- [Data section]
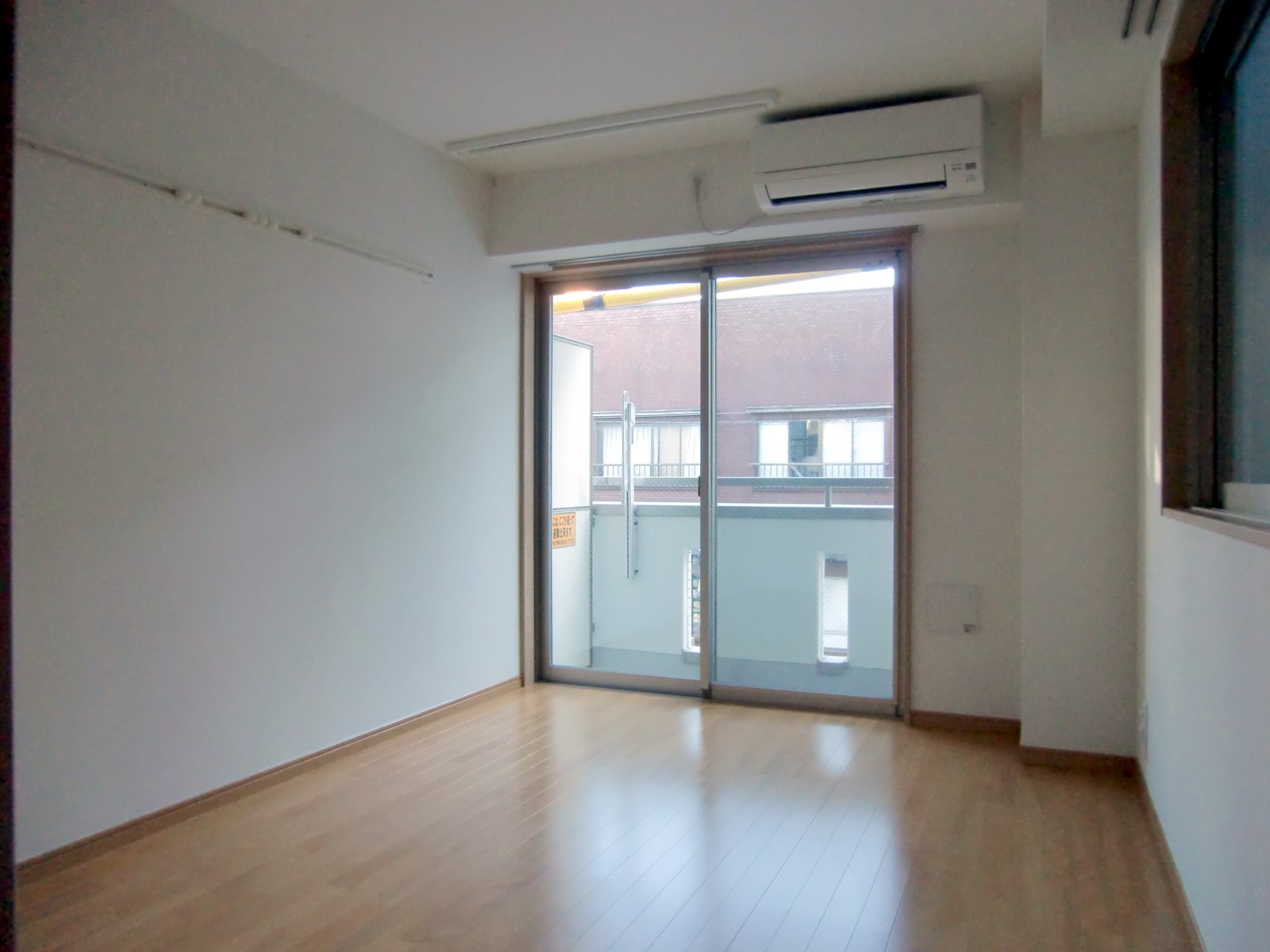 居室・リビング　居室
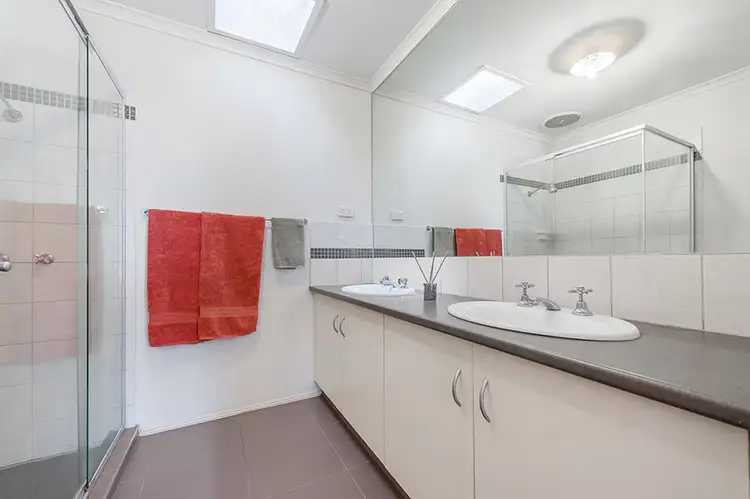Fifth view of Homely house listing, 33 Parramatta Walk, Craigieburn VIC 3064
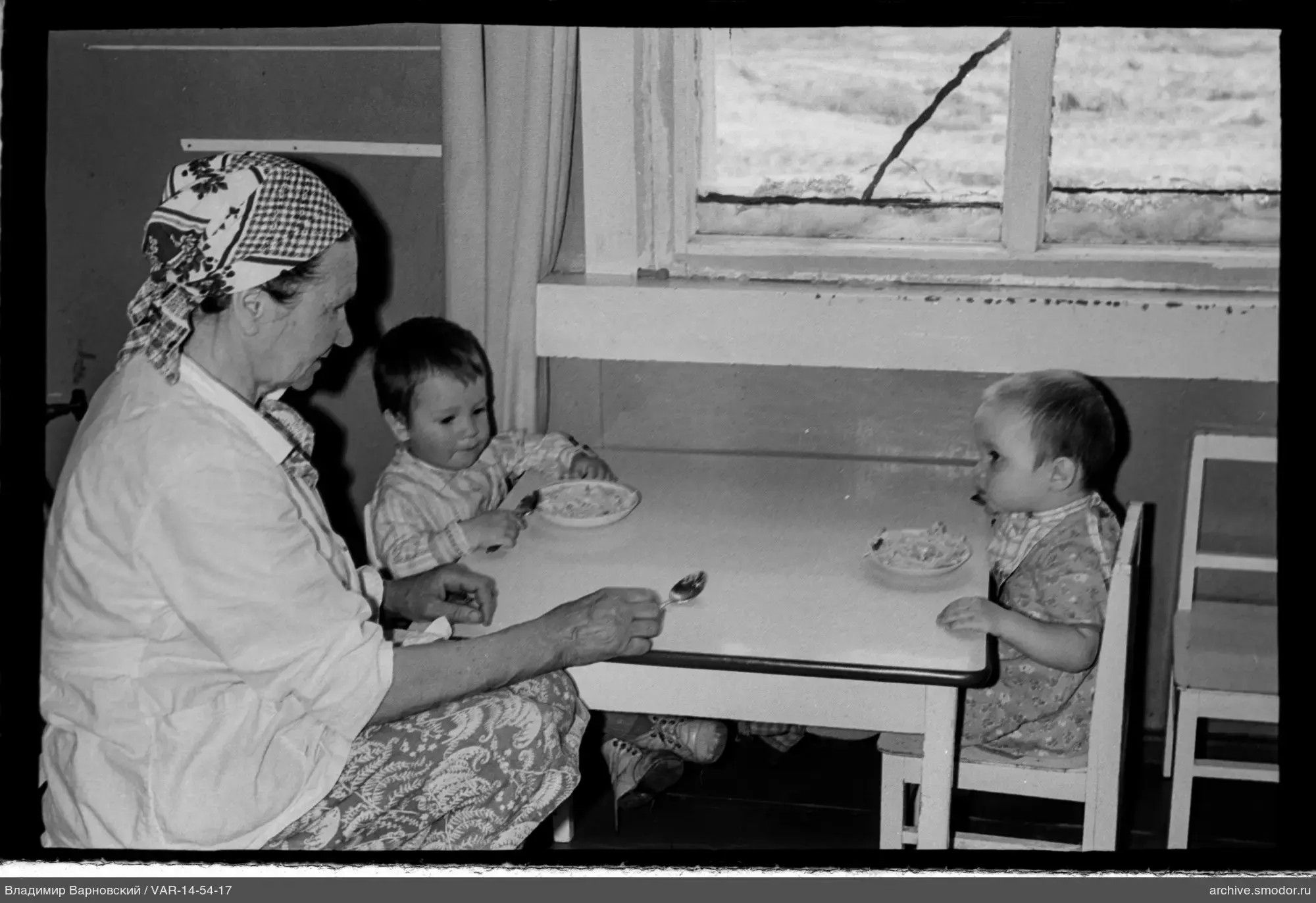 Frau mit Kindern am Tisch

- [Exercise] The listing above must be printed again exactly, minus its pictures.

- [Exercise output]
 居室・リビング　居室
Fifth view of Homely house listing, 33 Parramatta Walk, Craigieburn VIC 3064
 Frau mit Kindern am Tisch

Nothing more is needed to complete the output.